Zalone incarna una maschera antica, benché travestita da italiano medio postmoderno: il cafone, l’inetto morale, l’uomo comune che, lungi dall’essere un modello, diventa uno specchio deformante. Il suo personaggio non predica, non redime, non educa; semmai smaschera. E lo fa attraverso una comicità che si nutre di scarti, di stereotipi, di frasi improponibili, di pensieri indicibili. Ma è proprio questa apparente adesione al peggio - al luogo comune, al pregiudizio, alla rozzezza - a produrre un effetto paradossale: Zalone non legittima il politicamente scorretto, lo espone. Lo porta alla luce, lo esaspera, lo rende ridicolo fino a svuotarlo.

Nel suo universo narrativo il razzismo, il sessismo, l’egoismo piccolo-borghese non sono mai bandiere ideologiche, bensì materiali comici grezzi, sottoposti a un processo di corrosione ironica. Il riso che ne scaturisce non è mai innocuo, ma nemmeno consolatorio: è un riso che costringe lo spettatore a riconoscere, dietro l’eccesso caricaturale, una verità scomoda. Ridiamo, spesso, perché ci riconosciamo.

Il politicamente corretto, con la sua grammatica normativa e il suo lessico sterilizzato, tende a rimuovere il conflitto, a occultare le fratture del reale sotto una patina di buone intenzioni. Zalone compie l’operazione opposta: riporta il conflitto al centro, lo esaspera, lo sbatte in faccia allo spettatore. Il suo linguaggio è deliberatamente scorretto perché solo nella scorrettezza può emergere l’ipocrisia diffusa, quella zona grigia in cui convivono valori proclamati e pratiche quotidiane ben meno edificanti.

In questo senso, la sua comicità si iscrive in una tradizione nobile, che va da Aristofane alla commedia dell’arte, fino a certa satira novecentesca capace di usare il riso come strumento di disvelamento. Come ogni grande maschera comica, Zalone dice ciò che non si può dire, proprio perché lo dice male, fuori luogo, con una sgrammaticatura morale che è la sua cifra stilistica. Il politicamente scorretto diventa così un mezzo: una lente d’ingrandimento sulle contraddizioni dell’Italia contemporanea, sulle sue paure, sui suoi autoinganni.

Ed è in questa concezione che si configura la sua ultima creatura cinematografica: Buen camino.

Ecco perché l’indignazione rituale che spesso accompagna le sue uscite appare sterile, se non miope.

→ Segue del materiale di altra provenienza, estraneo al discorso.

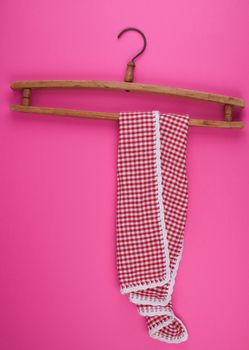 red checkered kitchen towel hanging on a vintage wooden hanger, pink background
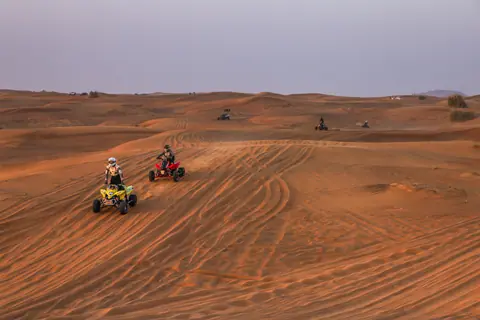 Exploring vast desert dunes on ATVs, perfect for an adrenaline-filled adventure.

Prendere Zalone alla lettera significa fraintendere radicalmente il dispositivo comico che egli mette in scena. Il suo personaggio non chiede di essere imitato, ma osservato; non propone un’etica, ma ne mette a nudo l’assenza. Il riso “scorretto” che suscita è un riso tragicamente consapevole, che nasce dalla frizione tra ciò che vorremmo essere e ciò che, molto più spesso, siamo.

In tempi in cui la comicità sembra dover chiedere il permesso di esistere, Checco Zalone rivendica il diritto all’eccesso, all’ambiguità, alla cattiva educazione come strumenti critici. E in questo gesto, apparentemente regressivo, si cela una lezione tutt’altro che banale: non c’è vera riflessione morale senza la possibilità dell’errore, dello scandalo, persino dell’offesa. Il politicamente scorretto, quando è consapevole e strutturato, non è il nemico dell’etica, ma il suo provocatorio alleato.